König Drosselbart
Grimms Märchen
Stellt euch vor, es gab einmal ein Königreich, und in diesem Königreich lebte eine Prinzessin, die war wunderschön, aber oje, auch ein bisschen eingebildet. Sie fand an jedem Prinzen, der um ihre Hand anhielt, etwas auszusetzen. Der eine war ihr zu dick, der andere zu dünn, und einem lachte sie besonders aus, weil sein Kinn ein ganz klein wenig schief war. "Ha!", rief sie, "der sieht ja aus wie eine Drossel mit ihrem Schnabel! Den nennen wir König Drosselbart!"
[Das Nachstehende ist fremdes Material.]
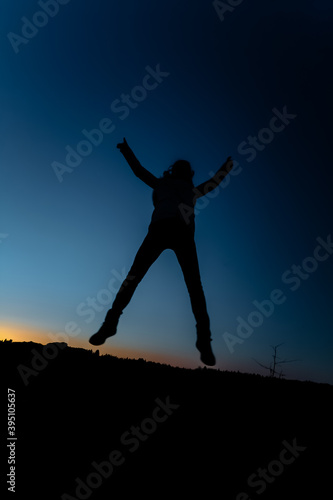 Silhouette of a girl in a jump on a background of sunset and a dark blue sky. The concept of happy people. Woman with arms outstretched jumping up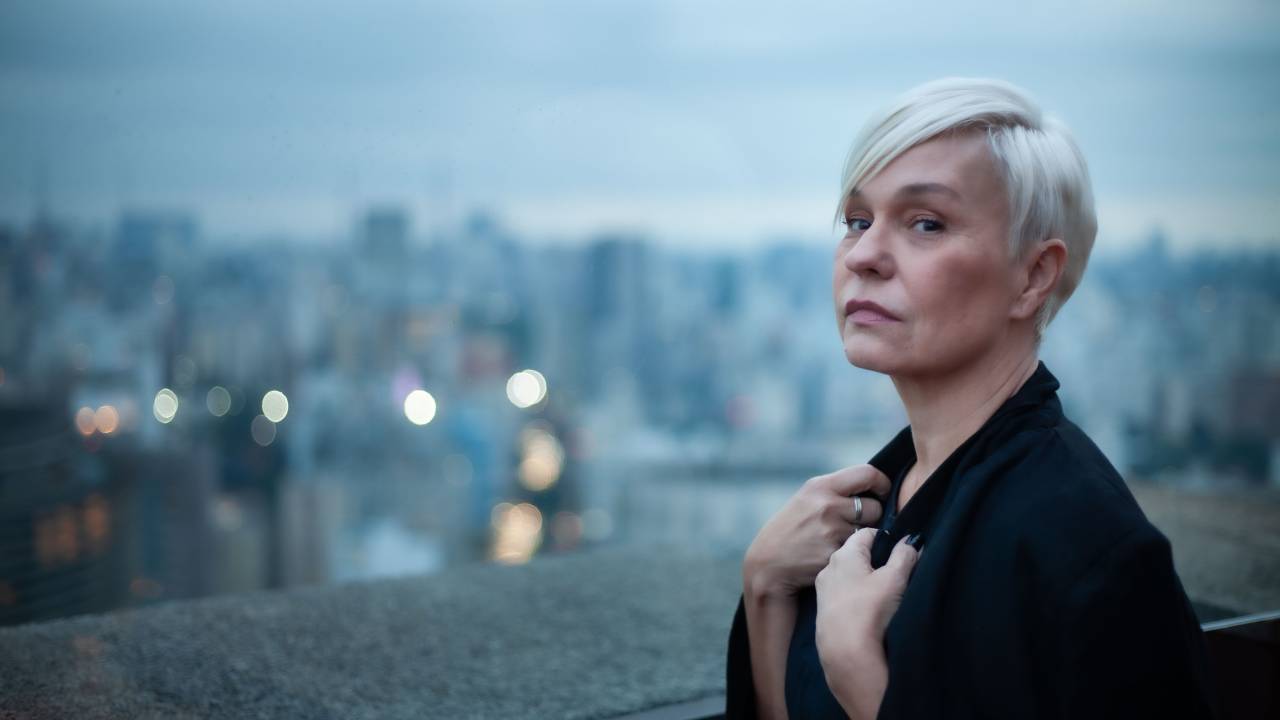 Moça loira de cabelo curto posa com blazer preto e cidade do alto aparece ao fundo
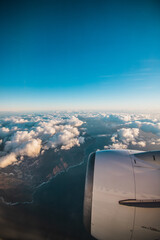 Fototapeta na wymiar Clouds and sky as seen through window of in airplane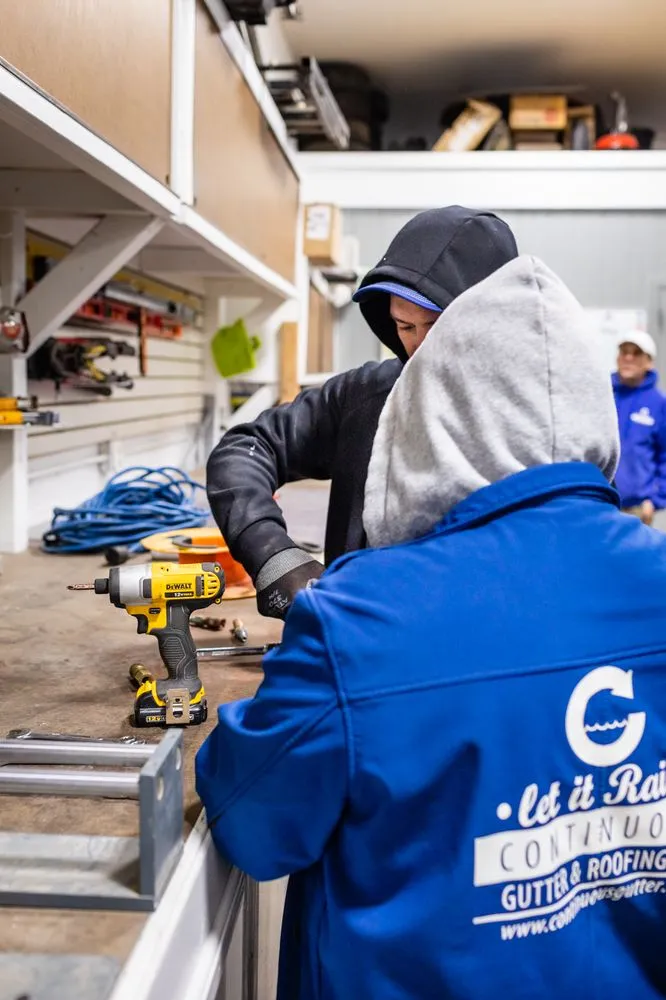 Slide of Continuous Gutter & Roofing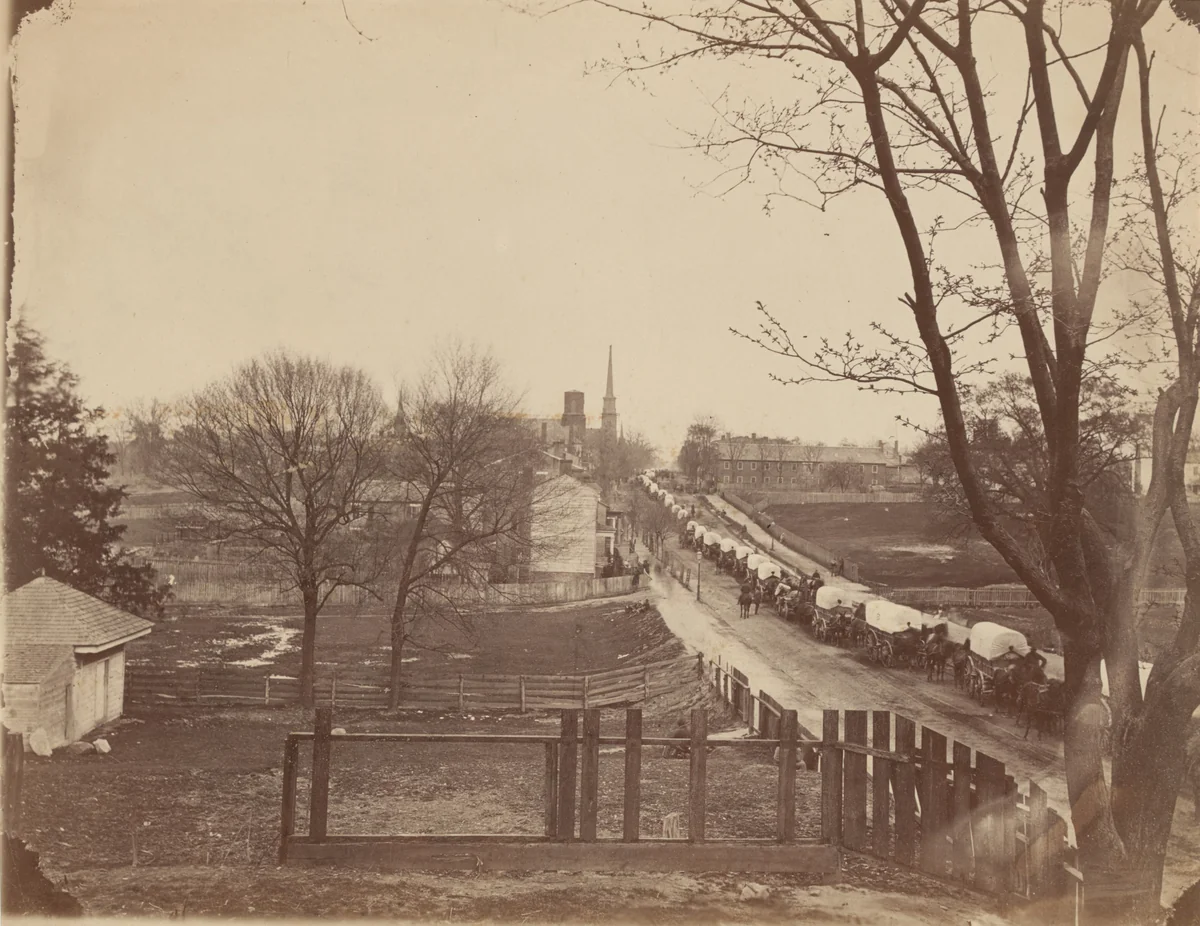 Train of Army Wagons Entering Petersburg, Virginia by John Reekie, photograph, 1865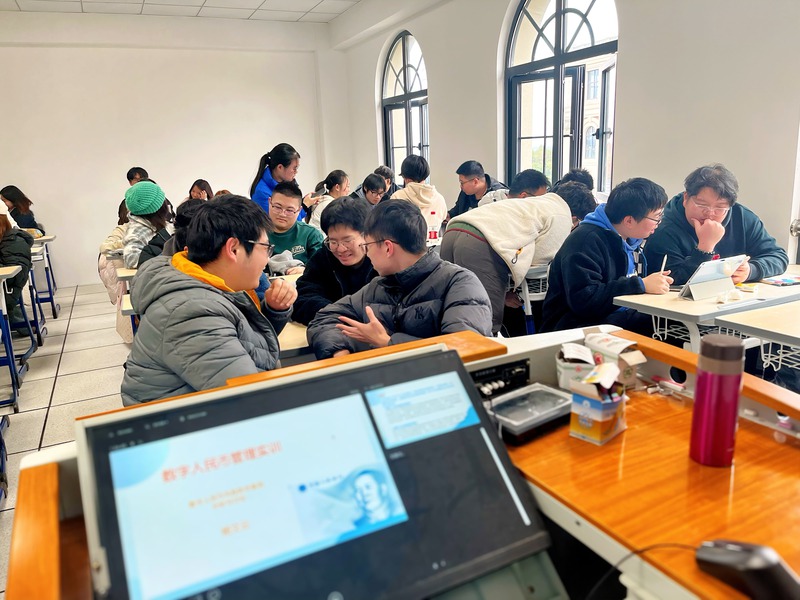 桌子上放着笔记本电脑的一群人  描述已自动生成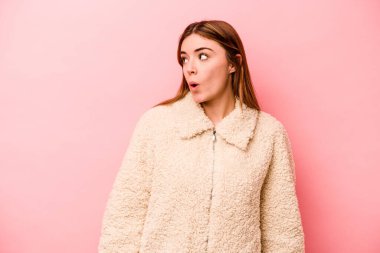 Pembe arka planda soyutlanmış beyaz bir kadın. Gülümsüyor, neşeli ve keyifli görünüyor..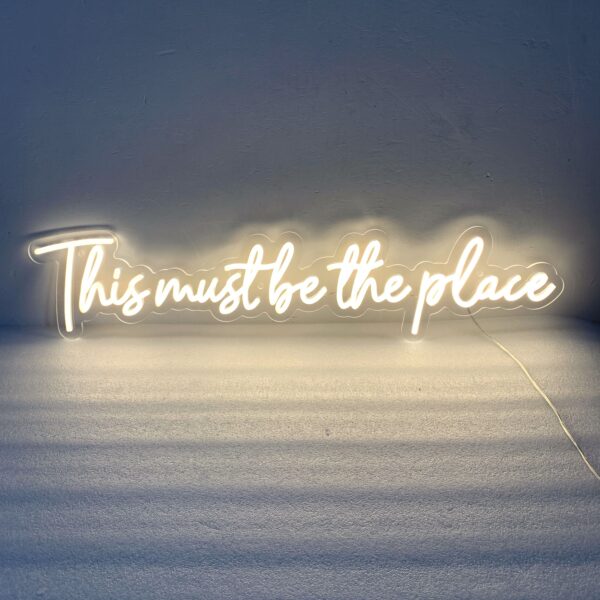 A glowing neon sign with the phrase 'This Must Be The Place' in vibrant colors, evoking warmth and comfort.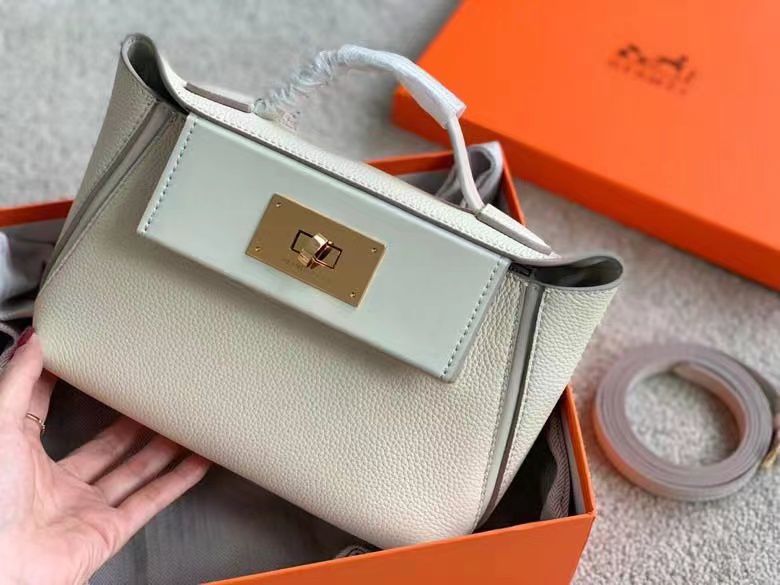 Herm?s 24/24 mini bag in a beige or off-white leather, possibly Togo leather. image 1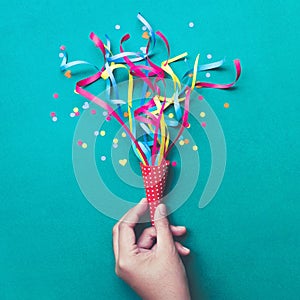 Celebration,party backgrounds concepts ideas with hand holding colorful confetti,streamers.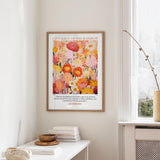 a framed poster of a vibrant floral design hanging on a wall, with a quote from the Bible below it.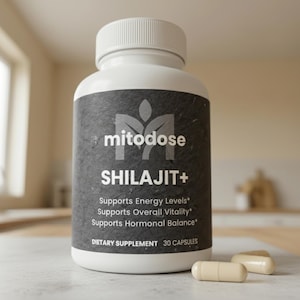 May include: A white bottle of "mitodose SHILAJIT+" dietary supplement with a black label. The label includes text that says "Supports Energy Levels", "Supports Overall Vitality", and "Supports Hormonal Balance". Two capsules are next to the bottle.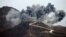 SOUTH KOREA --  A general view shows an explosion as part of the dismantlement at a South Korean guard post in the Demilitarized Zone dividing the two Koreas in Cheorwon, November 15, 2018
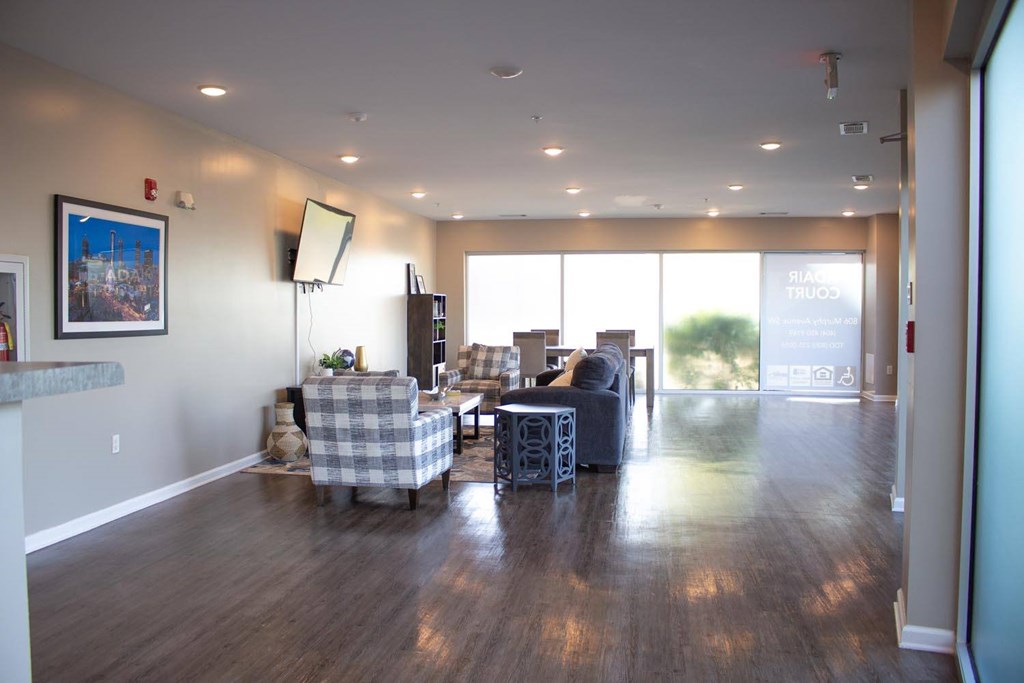 A living room with a checkered couch and a wooden floor.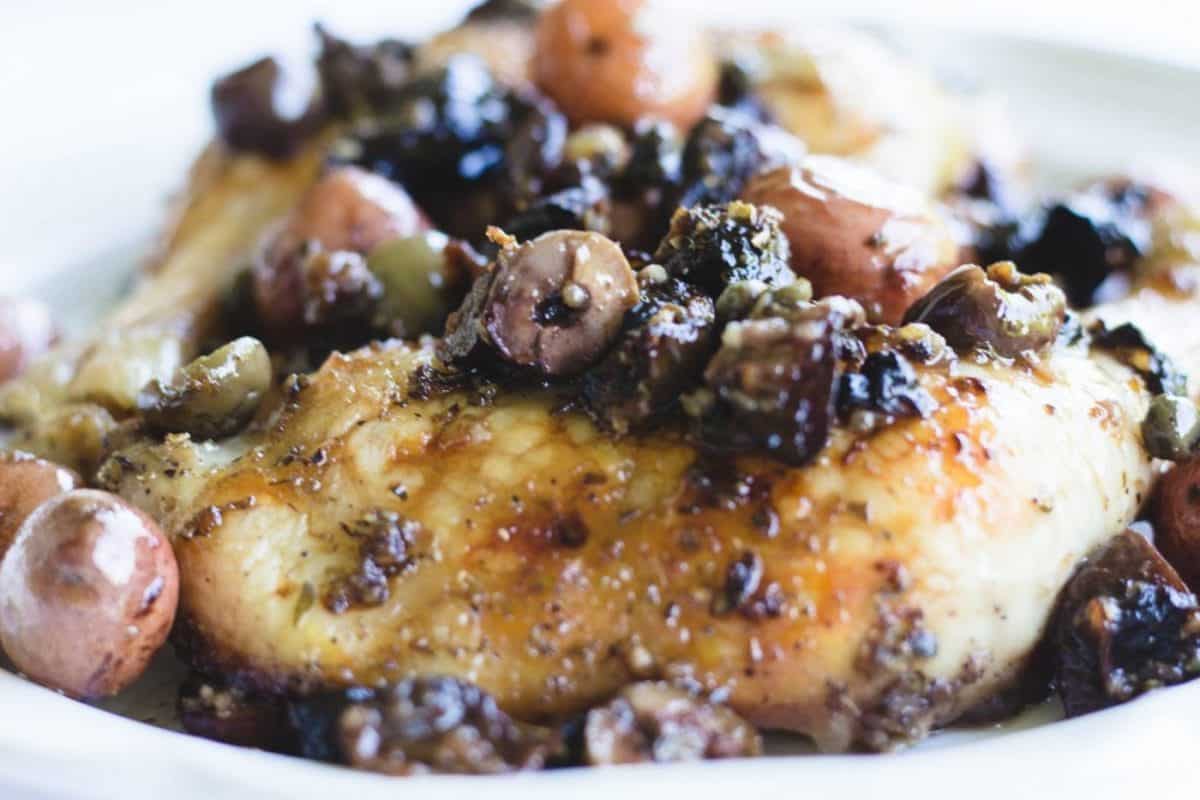 olive chicken and red potatoes on a serving plate.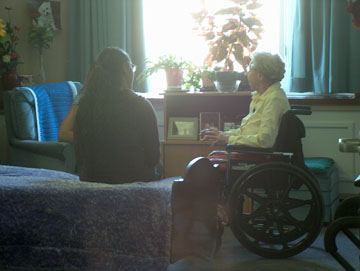 Intergenerational program volunteers visit with each other
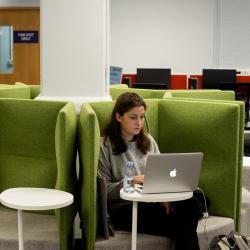 Person reading from laptop screen on a green chair in a library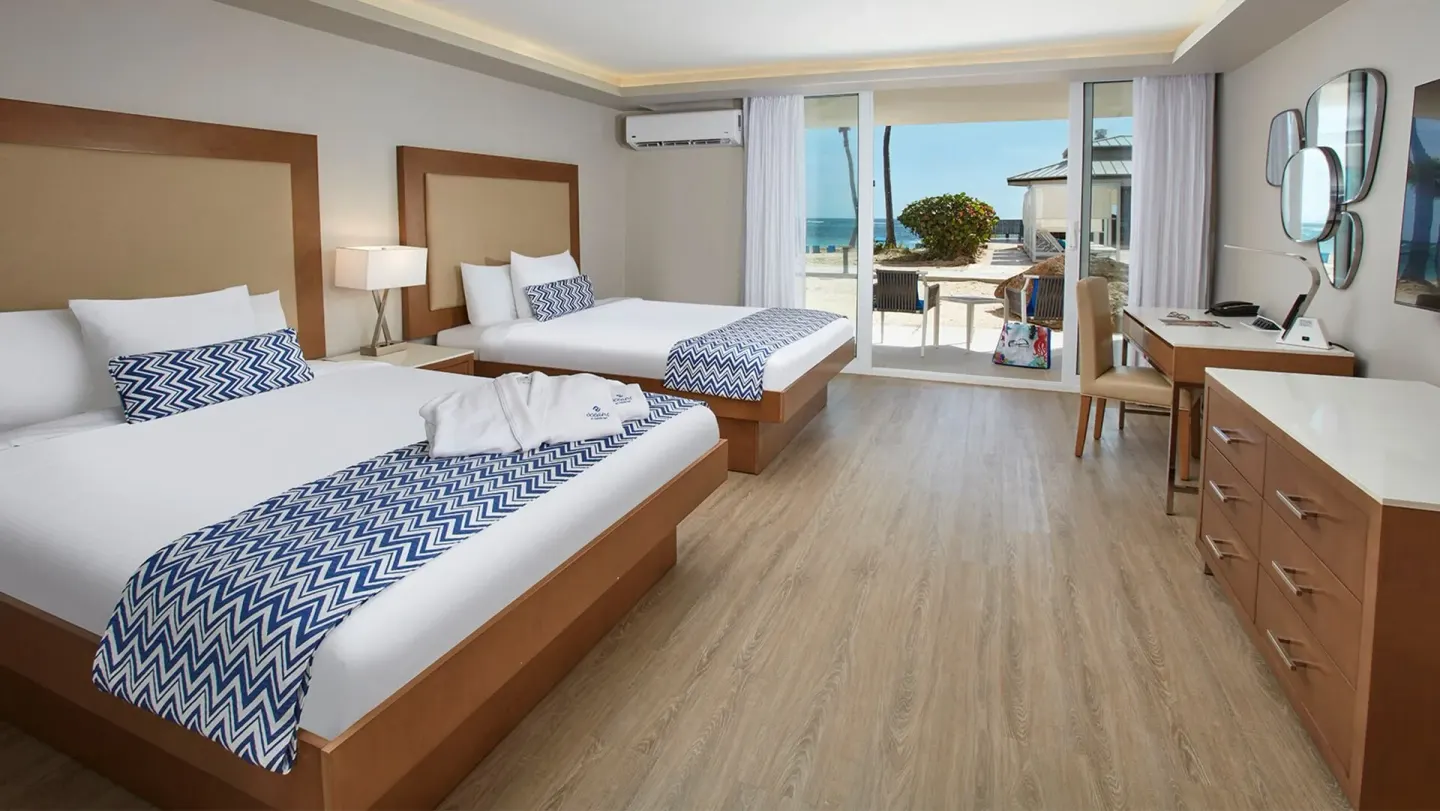 Double-bed guest room with patio and ocean beyond at Carina Bay Boutique Resort & Casino.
Ihr Vater, der König, wurde richtig sauer. "So geht das nicht weiter!", brummte er. "Den ersten Bettler, der an unsere Tür klopft, den musst du heiraten!" Und tatsächlich, bald darauf kam ein Spielmann mit zerzausten Haaren und alten Kleidern vorbei. Und schwupps, die Prinzessin musste ihn heiraten.
Der Spielmann nahm sie mit. Sie mussten durch einen großen, grünen Wald gehen. "Wem gehört dieser schöne Wald?", fragte die Prinzessin. "Der gehört dem König Drosselbart", antwortete der Spielmann. "Ach", seufzte die Prinzessin, "hätte ich ihn doch genommen!"
Dann kamen sie an einer blühenden Wiese vorbei. "Und wem gehört diese schöne Wiese?", fragte sie wieder. "Dem König Drosselbart", war die Antwort. Wieder seufzte die Prinzessin.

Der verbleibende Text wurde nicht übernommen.